Work order.
Write out every record exactly as it appears. Skip the pictures.

Data extract.
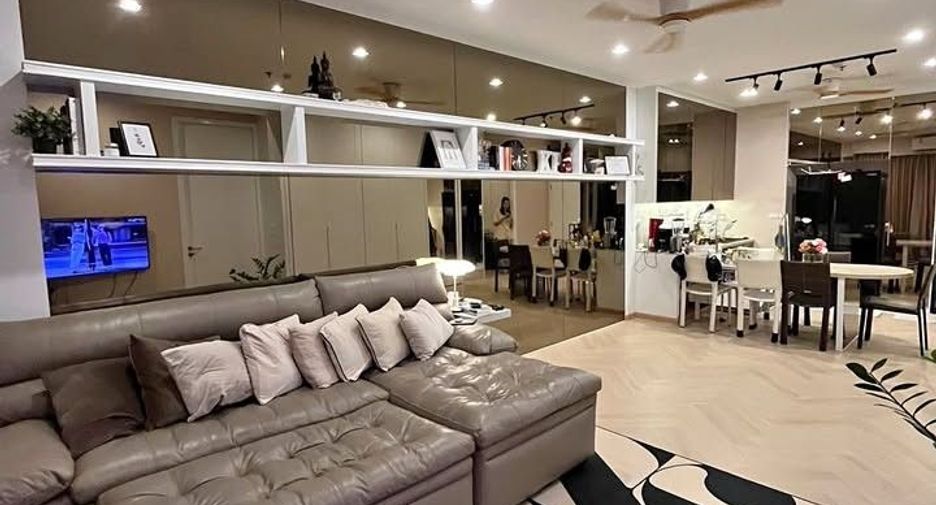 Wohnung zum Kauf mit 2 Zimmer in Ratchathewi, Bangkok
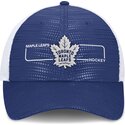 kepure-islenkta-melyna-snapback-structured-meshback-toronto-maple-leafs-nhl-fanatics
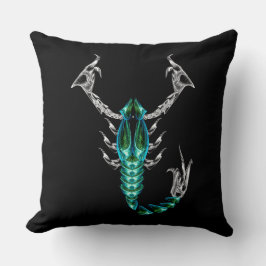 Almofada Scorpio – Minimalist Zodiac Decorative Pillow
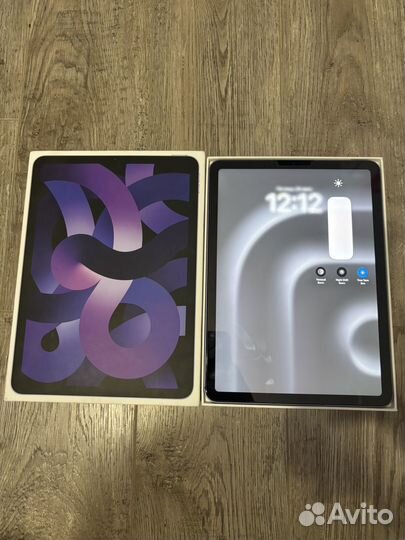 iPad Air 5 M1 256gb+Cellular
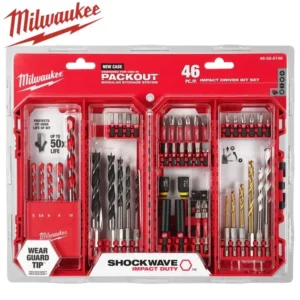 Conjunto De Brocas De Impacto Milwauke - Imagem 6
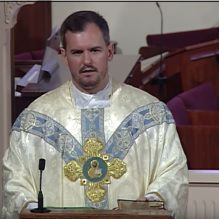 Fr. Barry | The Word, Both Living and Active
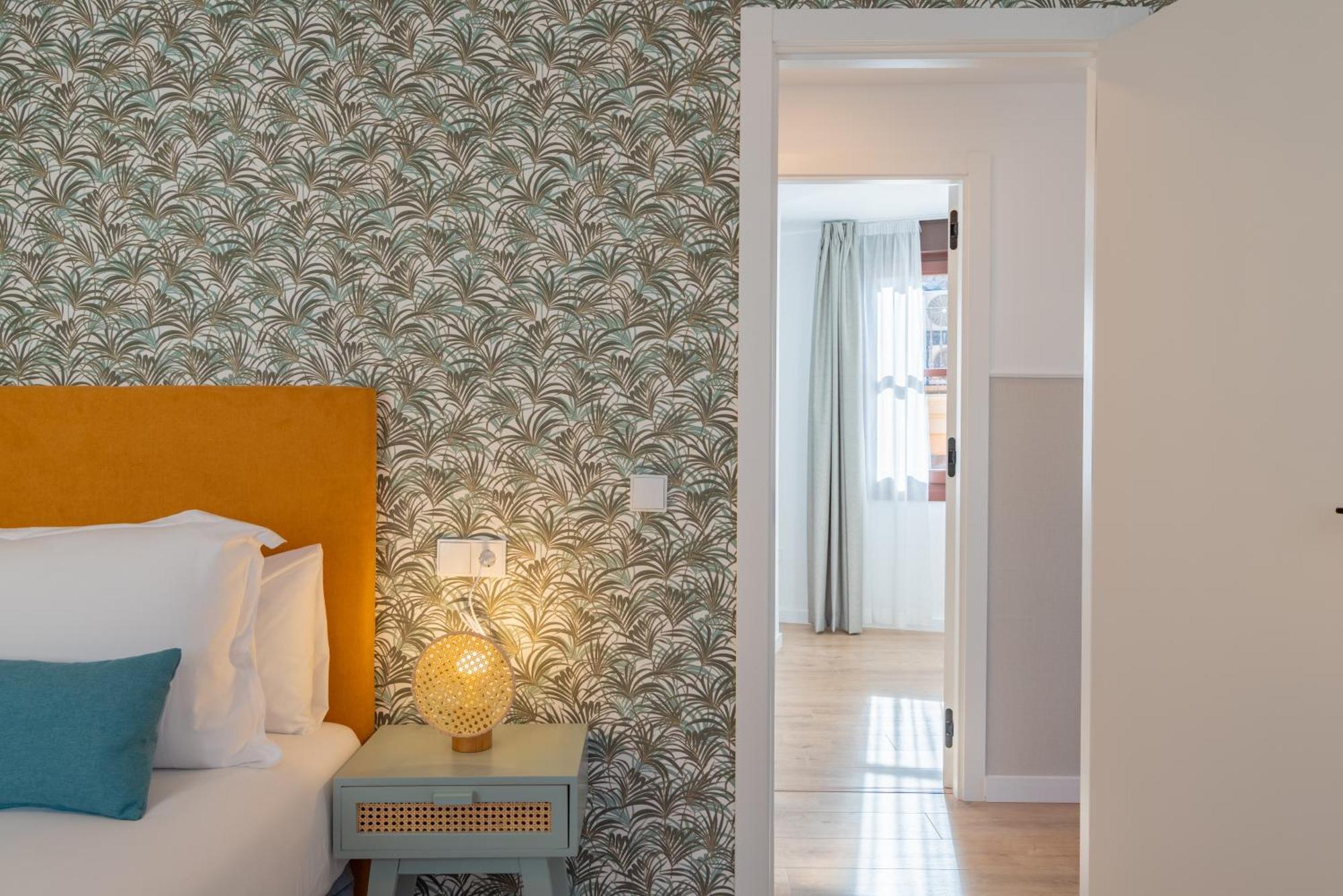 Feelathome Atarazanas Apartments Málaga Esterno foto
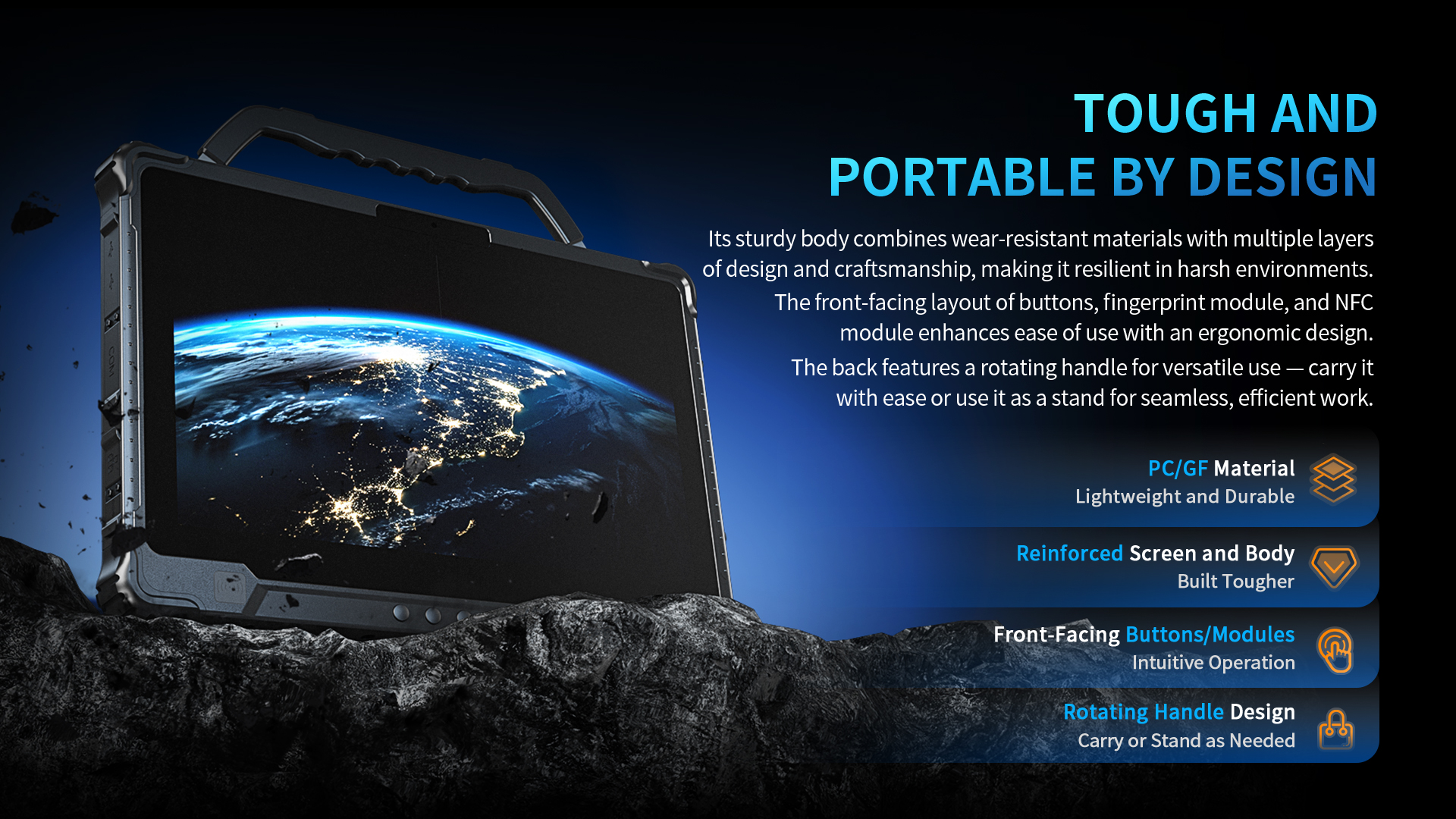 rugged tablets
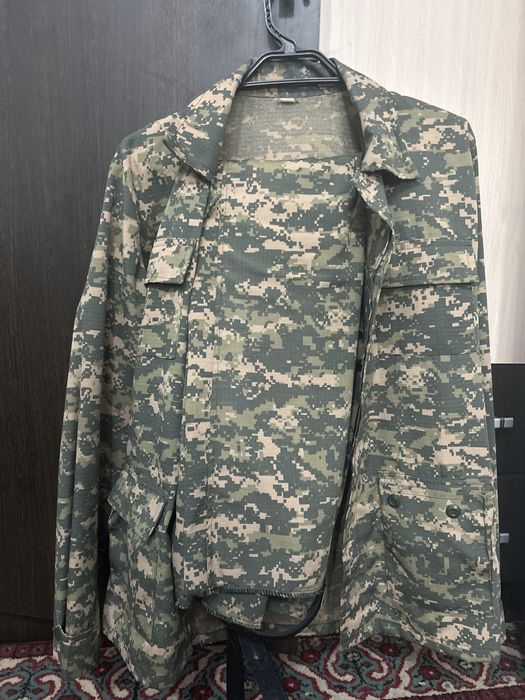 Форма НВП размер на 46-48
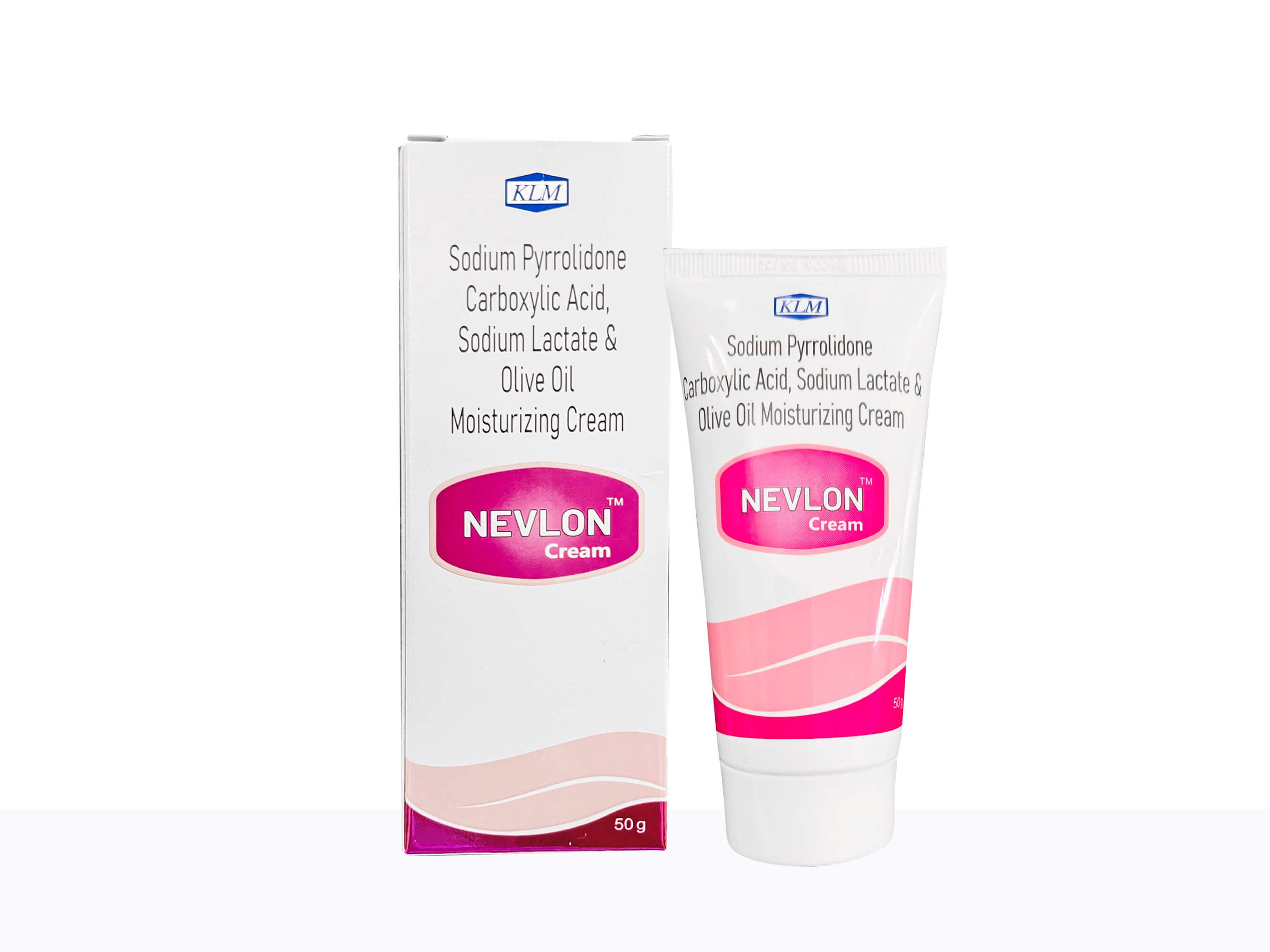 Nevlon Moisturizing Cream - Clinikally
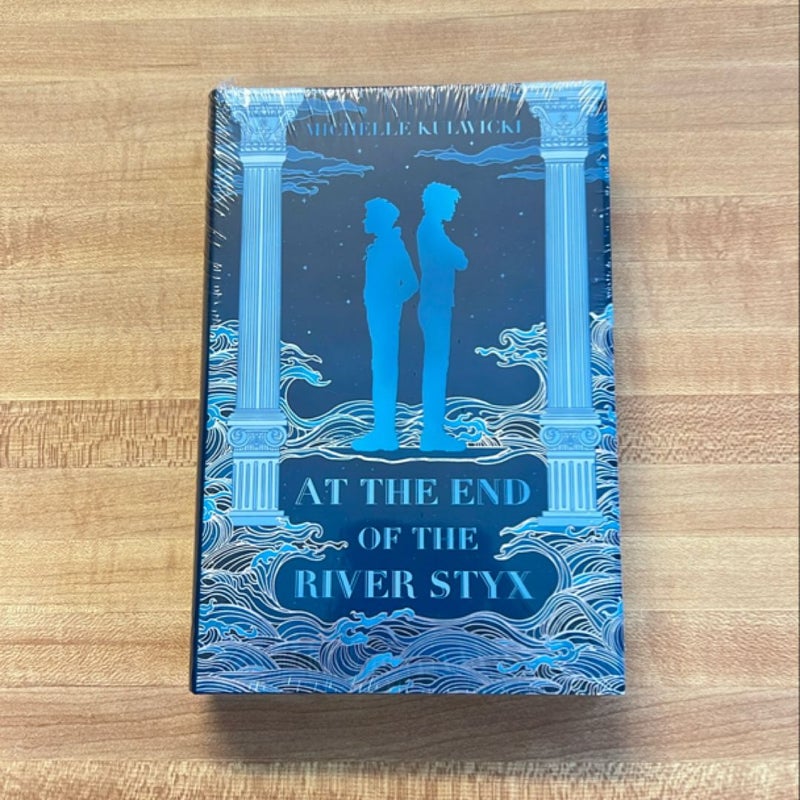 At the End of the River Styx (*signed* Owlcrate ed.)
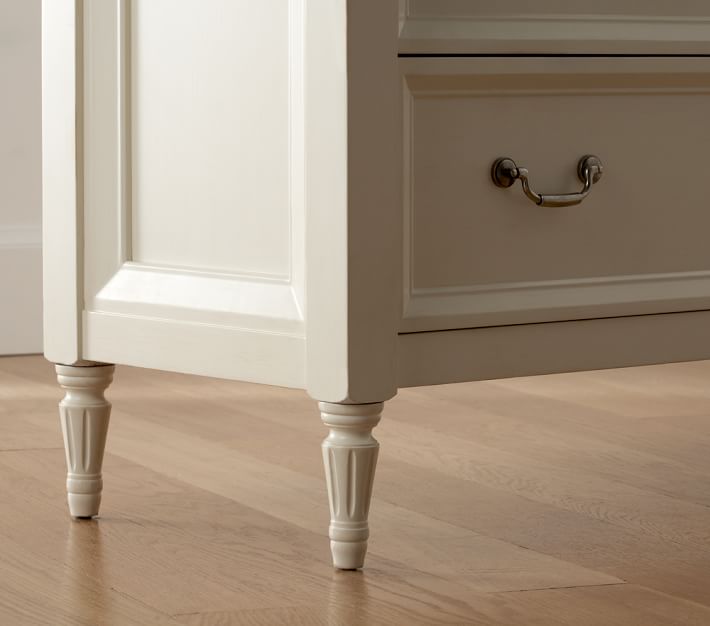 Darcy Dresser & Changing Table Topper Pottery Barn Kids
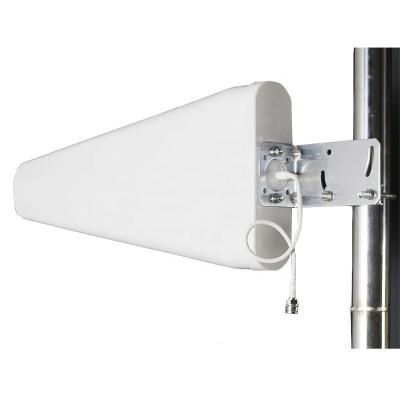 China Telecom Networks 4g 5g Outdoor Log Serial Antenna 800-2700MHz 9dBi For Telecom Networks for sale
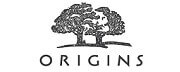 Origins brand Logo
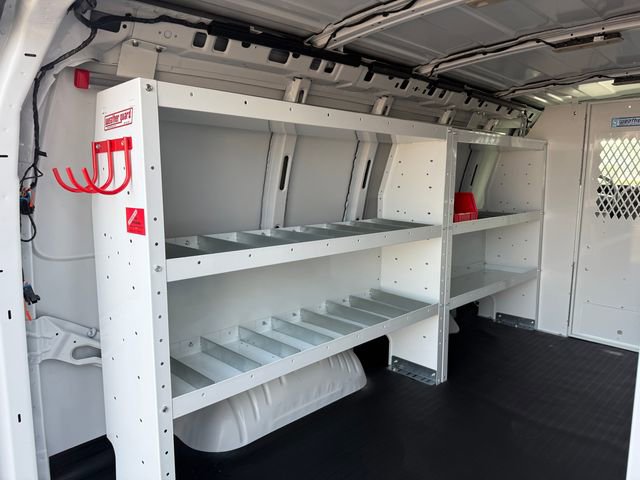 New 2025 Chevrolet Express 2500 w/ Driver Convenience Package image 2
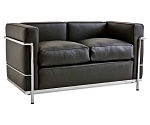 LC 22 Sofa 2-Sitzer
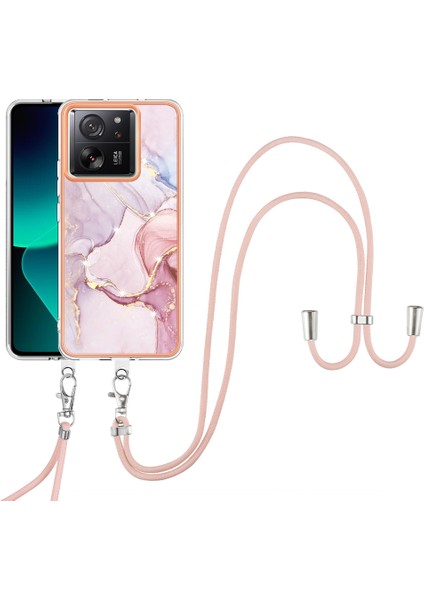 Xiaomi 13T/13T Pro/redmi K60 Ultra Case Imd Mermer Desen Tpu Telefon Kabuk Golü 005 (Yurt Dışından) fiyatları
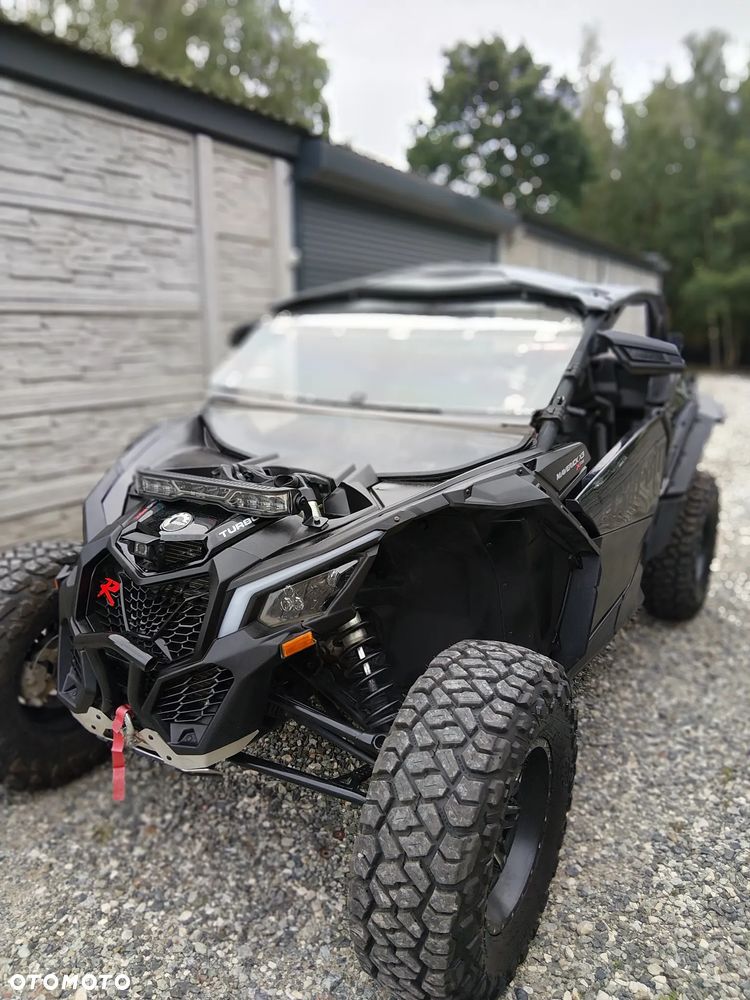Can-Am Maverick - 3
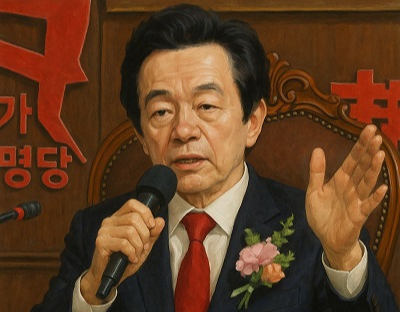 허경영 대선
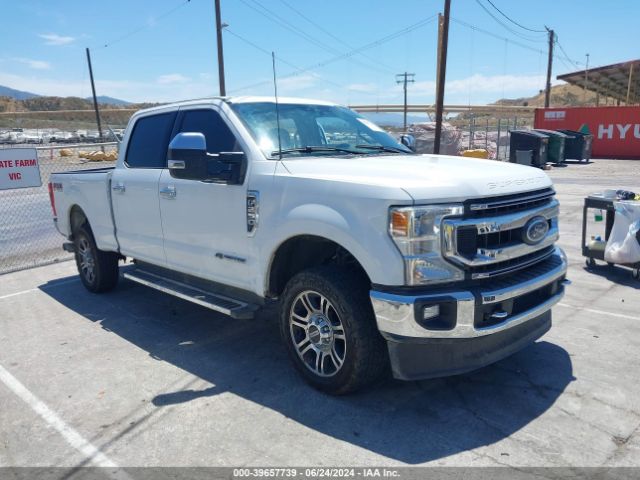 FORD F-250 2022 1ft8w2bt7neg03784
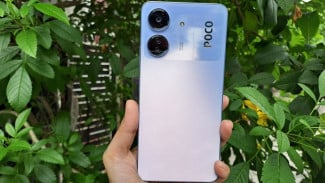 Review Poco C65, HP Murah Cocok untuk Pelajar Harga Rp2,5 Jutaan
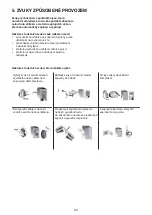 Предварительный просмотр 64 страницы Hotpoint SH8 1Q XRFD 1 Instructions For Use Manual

Response to the task.
 Wohnung zum Kauf mit 2 Zimmer in Ratchathewi, Bangkok
 kepure-islenkta-melyna-snapback-structured-meshback-toronto-maple-leafs-nhl-fanatics
 Almofada Scorpio – Minimalist Zodiac Decorative Pillow
 iPad Air 5 M1 256gb+Cellular
 Conjunto De Brocas De Impacto Milwauke - Imagem 6
 Fr. Barry | The Word, Both Living and Active
 Feelathome Atarazanas Apartments Málaga Esterno foto
 rugged tablets
 Форма НВП размер на 46-48
 Nevlon Moisturizing Cream - Clinikally
 At the End of the River Styx (*signed* Owlcrate ed.)
 Darcy Dresser & Changing Table Topper Pottery Barn Kids
 China Telecom Networks 4g 5g Outdoor Log Serial Antenna 800-2700MHz 9dBi For Telecom Networks for sale
 Origins brand Logo
 New 2025 Chevrolet Express 2500 w/ Driver Convenience Package image 2
 LC 22 Sofa 2-Sitzer
 Xiaomi 13T/13T Pro/redmi K60 Ultra Case Imd Mermer Desen Tpu Telefon Kabuk Golü 005 (Yurt Dışından) fiyatları
Can-Am Maverick - 3
 허경영 대선
 FORD F-250 2022 1ft8w2bt7neg03784
 Review Poco C65, HP Murah Cocok untuk Pelajar Harga Rp2,5 Jutaan
 Предварительный просмотр 64 страницы Hotpoint SH8 1Q XRFD 1 Instructions For Use Manual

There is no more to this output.